▶ **Exercise instructions**:
Among the records below, find the line with "METODOLOGIA DE CÁLCULO" and the line with "京东短视频带货教学：选品、剪辑、审核、发布，全方位提升你的带货能力-凌秋网创". Set down both and every line between, exactly and with no pictures, but nothing else.

▶ **Data shown**:
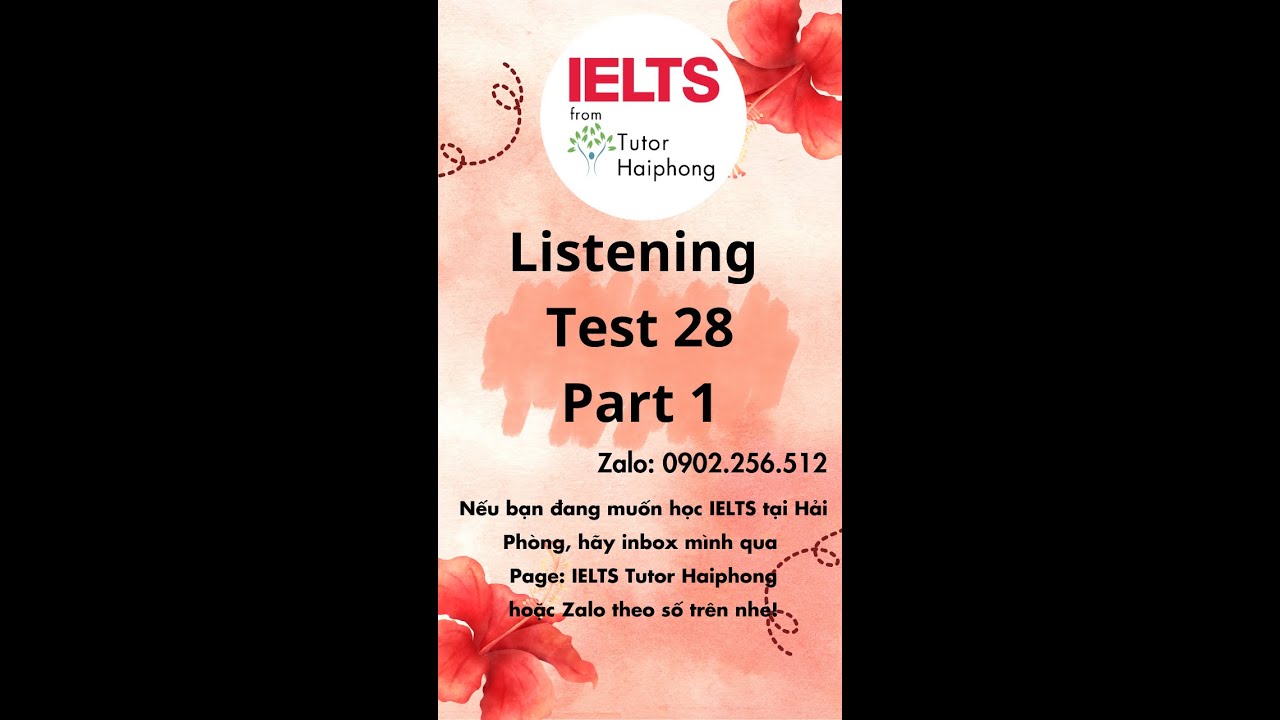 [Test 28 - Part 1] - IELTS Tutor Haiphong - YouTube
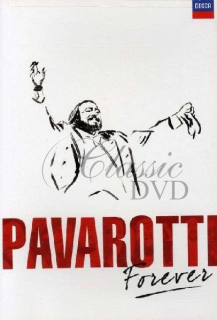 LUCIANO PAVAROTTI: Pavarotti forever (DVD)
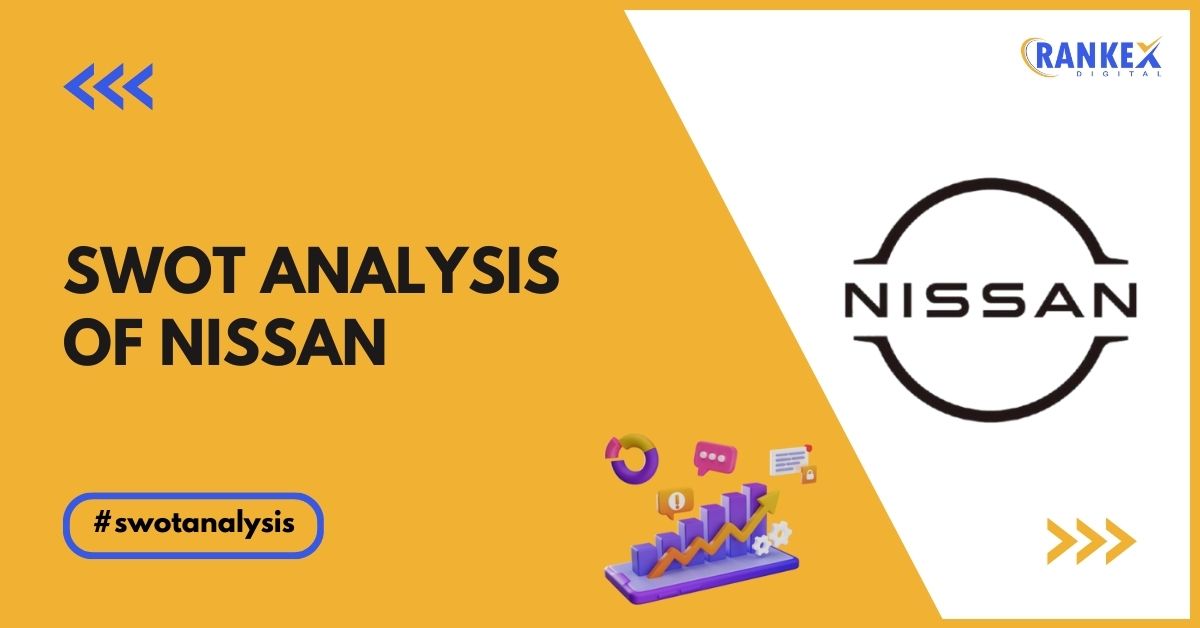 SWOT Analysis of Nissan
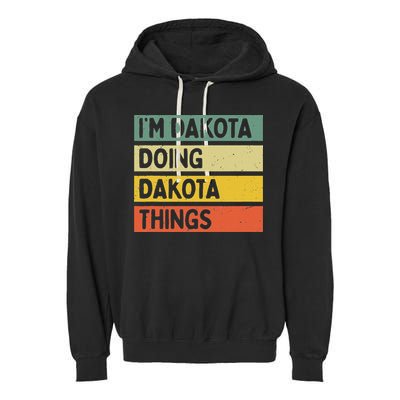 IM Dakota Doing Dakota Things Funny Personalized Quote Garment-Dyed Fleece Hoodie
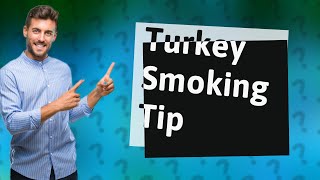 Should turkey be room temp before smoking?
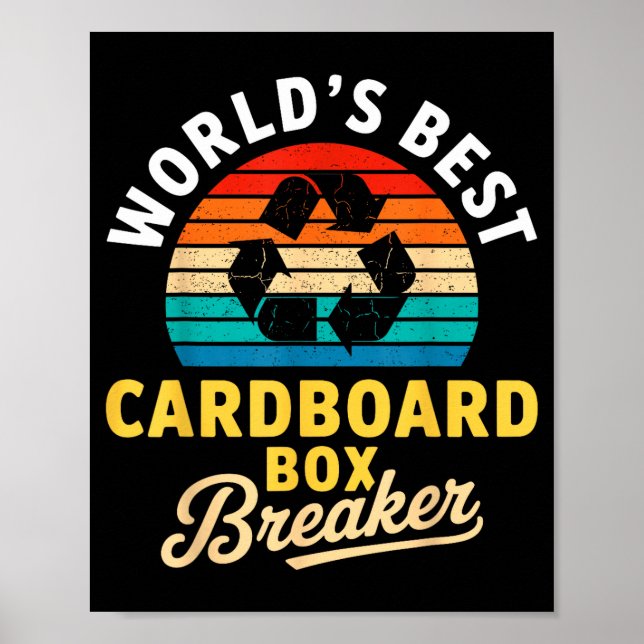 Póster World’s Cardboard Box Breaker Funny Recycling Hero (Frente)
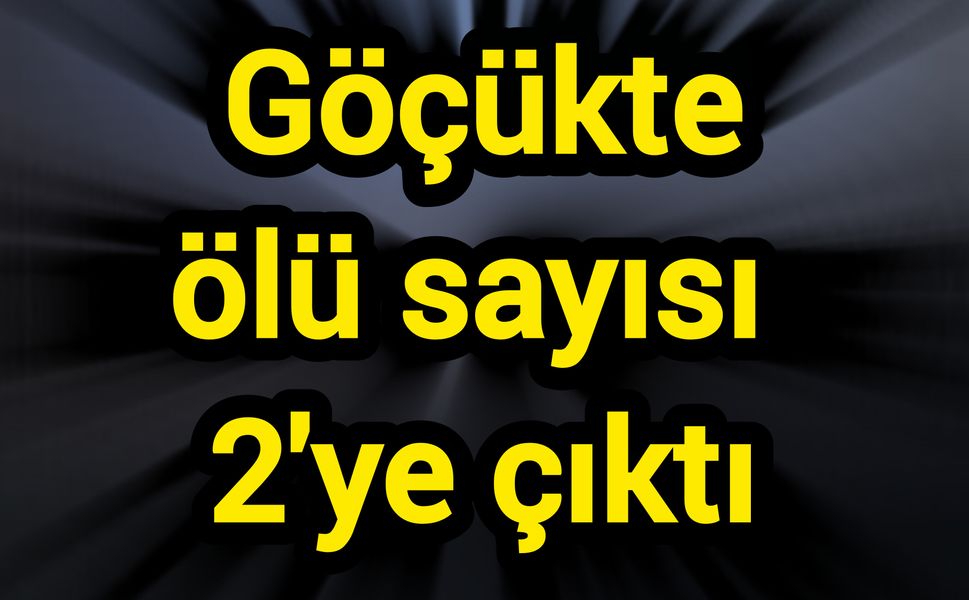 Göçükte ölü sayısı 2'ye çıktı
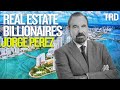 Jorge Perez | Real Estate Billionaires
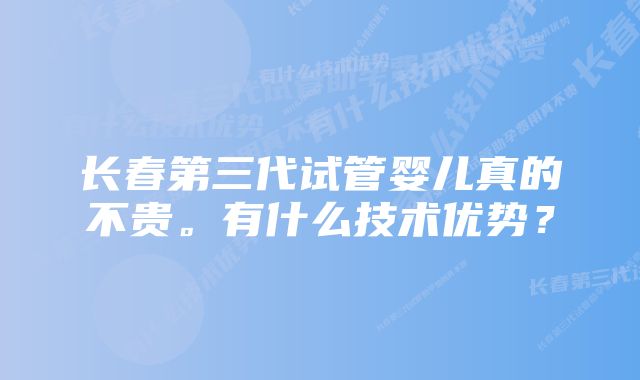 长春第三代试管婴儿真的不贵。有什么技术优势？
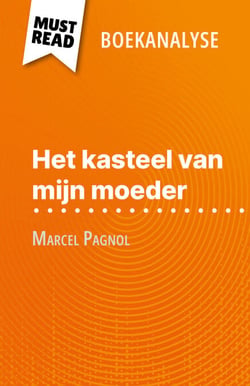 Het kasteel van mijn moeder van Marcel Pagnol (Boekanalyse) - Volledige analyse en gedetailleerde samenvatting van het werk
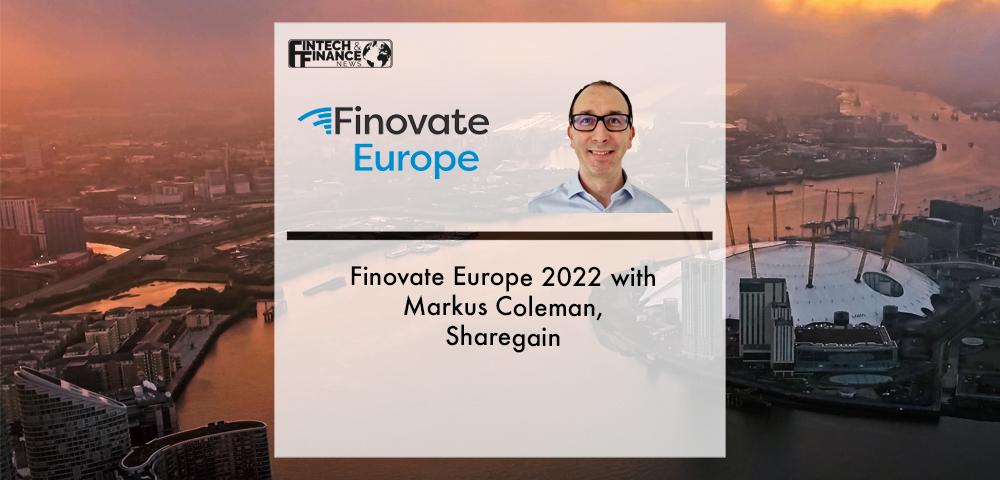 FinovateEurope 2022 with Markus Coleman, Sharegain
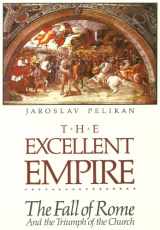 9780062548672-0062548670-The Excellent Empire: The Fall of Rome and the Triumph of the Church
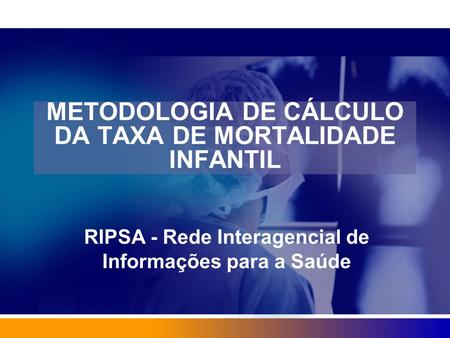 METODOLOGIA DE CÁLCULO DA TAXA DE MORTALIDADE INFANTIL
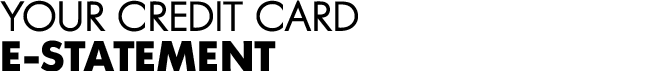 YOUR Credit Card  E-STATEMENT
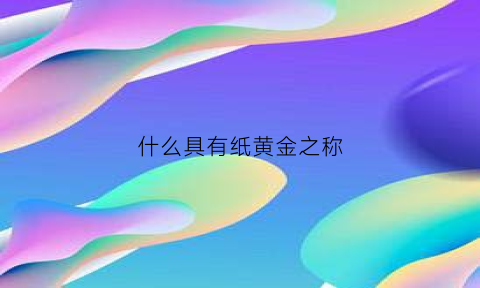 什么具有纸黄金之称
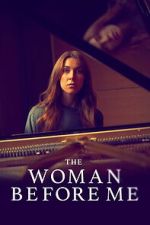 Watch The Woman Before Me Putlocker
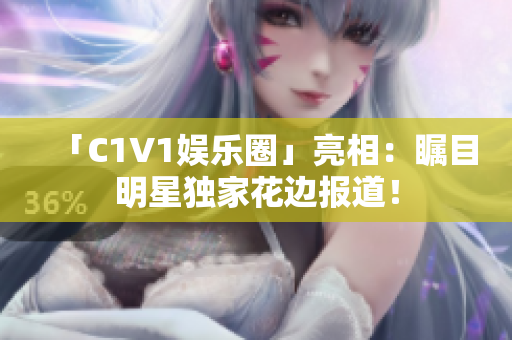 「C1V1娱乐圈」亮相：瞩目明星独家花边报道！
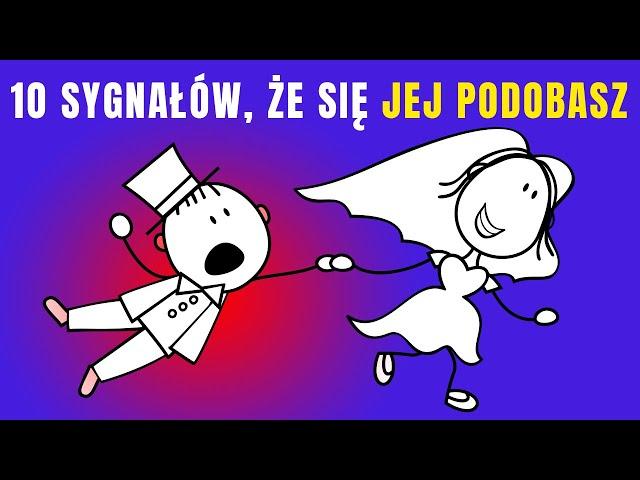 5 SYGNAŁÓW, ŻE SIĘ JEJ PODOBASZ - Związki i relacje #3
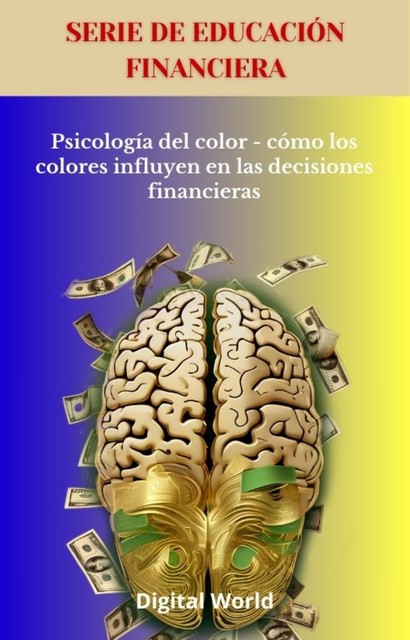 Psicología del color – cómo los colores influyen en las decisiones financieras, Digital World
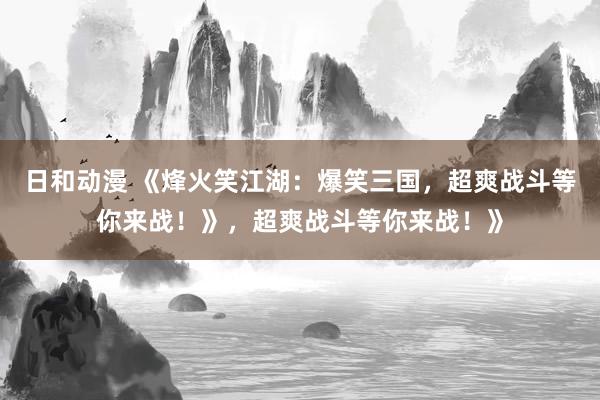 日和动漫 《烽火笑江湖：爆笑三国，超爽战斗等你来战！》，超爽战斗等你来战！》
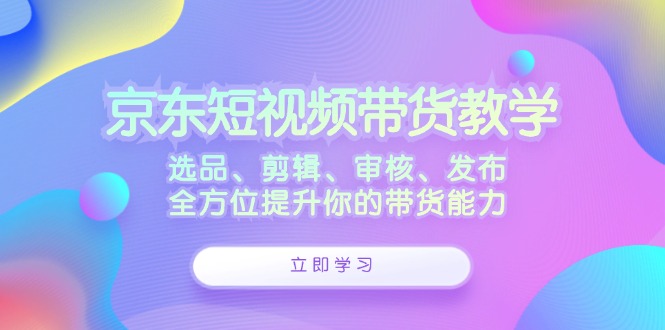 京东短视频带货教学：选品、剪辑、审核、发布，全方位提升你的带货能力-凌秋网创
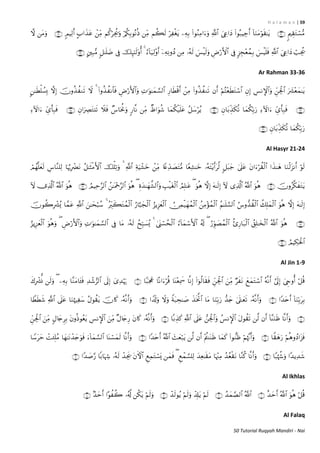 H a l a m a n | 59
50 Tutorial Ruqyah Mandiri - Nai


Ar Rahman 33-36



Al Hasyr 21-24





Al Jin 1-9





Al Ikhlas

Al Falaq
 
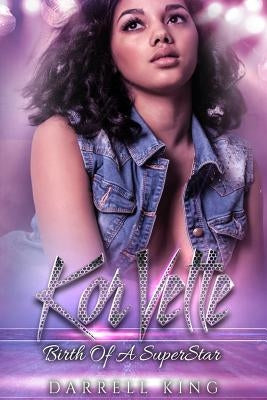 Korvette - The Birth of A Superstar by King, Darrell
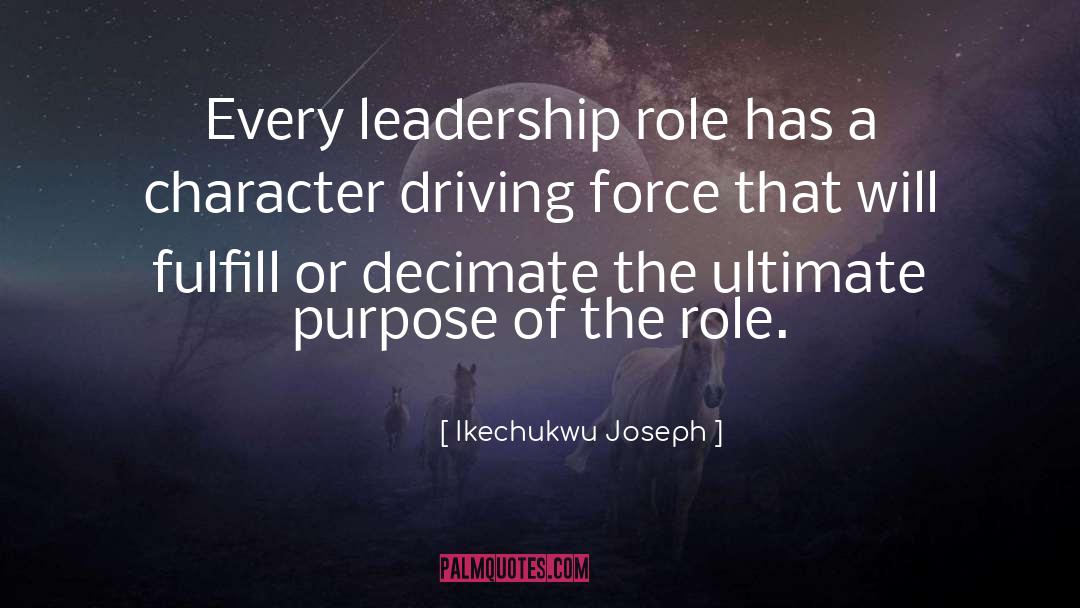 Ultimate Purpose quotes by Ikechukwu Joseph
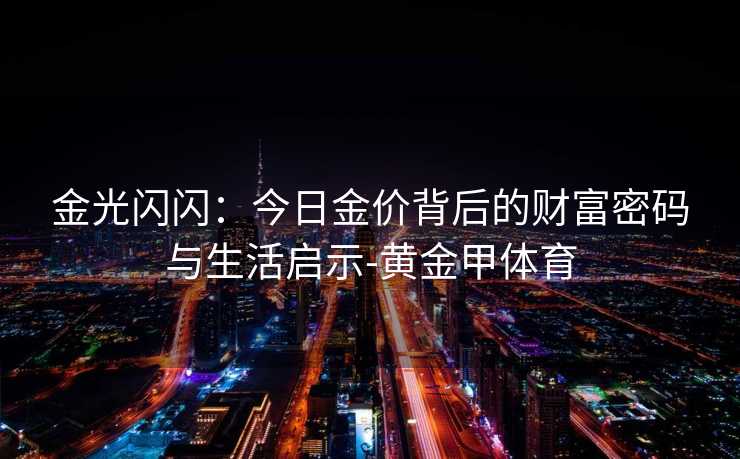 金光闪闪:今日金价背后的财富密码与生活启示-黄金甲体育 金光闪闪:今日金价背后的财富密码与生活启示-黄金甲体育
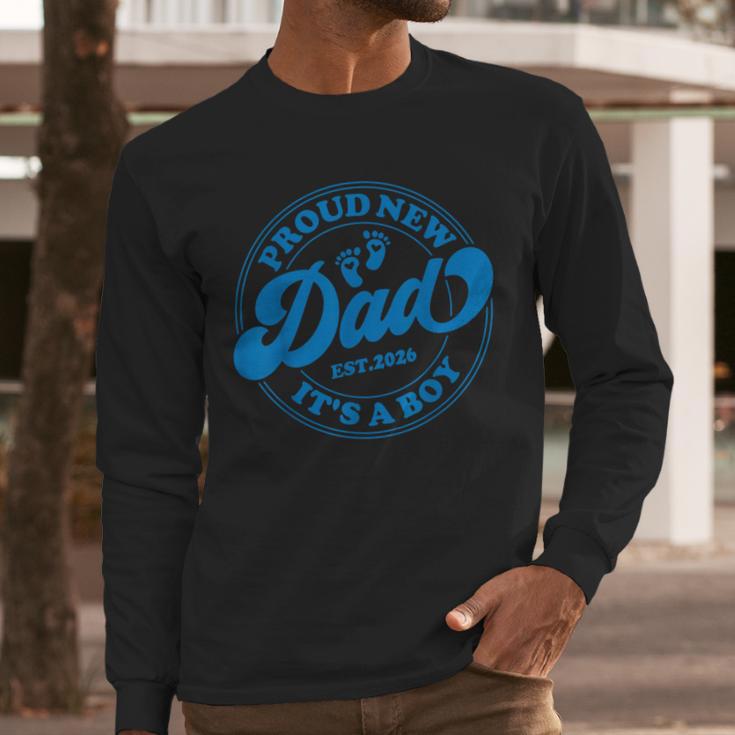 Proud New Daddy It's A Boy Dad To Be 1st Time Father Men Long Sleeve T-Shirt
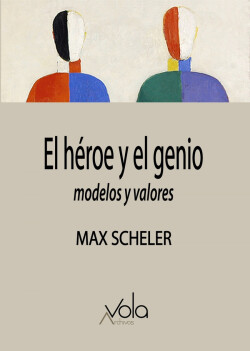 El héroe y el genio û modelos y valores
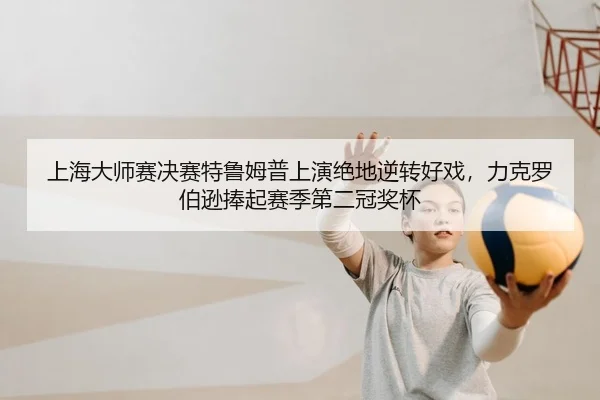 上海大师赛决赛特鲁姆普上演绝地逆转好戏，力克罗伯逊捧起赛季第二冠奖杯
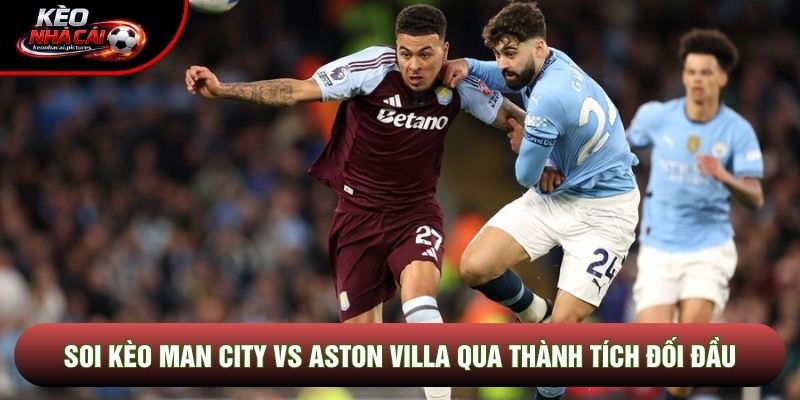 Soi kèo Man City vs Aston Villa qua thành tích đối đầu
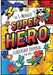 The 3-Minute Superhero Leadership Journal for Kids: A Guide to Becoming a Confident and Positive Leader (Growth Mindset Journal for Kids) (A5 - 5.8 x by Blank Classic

▶ **Result**:
 METODOLOGIA DE CÁLCULO DA TAXA DE MORTALIDADE INFANTIL
 YOUR Credit Card  E-STATEMENT
 什么具有纸黄金之称
 Watch The Woman Before Me Putlocker
 「C1V1娱乐圈」亮相：瞩目明星独家花边报道！
 5 SYGNAŁÓW, ŻE SIĘ JEJ PODOBASZ - Związki i relacje #3
 Psicología del color – cómo los colores influyen en las decisiones financieras, Digital World
 日和动漫 《烽火笑江湖：爆笑三国，超爽战斗等你来战！》，超爽战斗等你来战！》
 京东短视频带货教学：选品、剪辑、审核、发布，全方位提升你的带货能力-凌秋网创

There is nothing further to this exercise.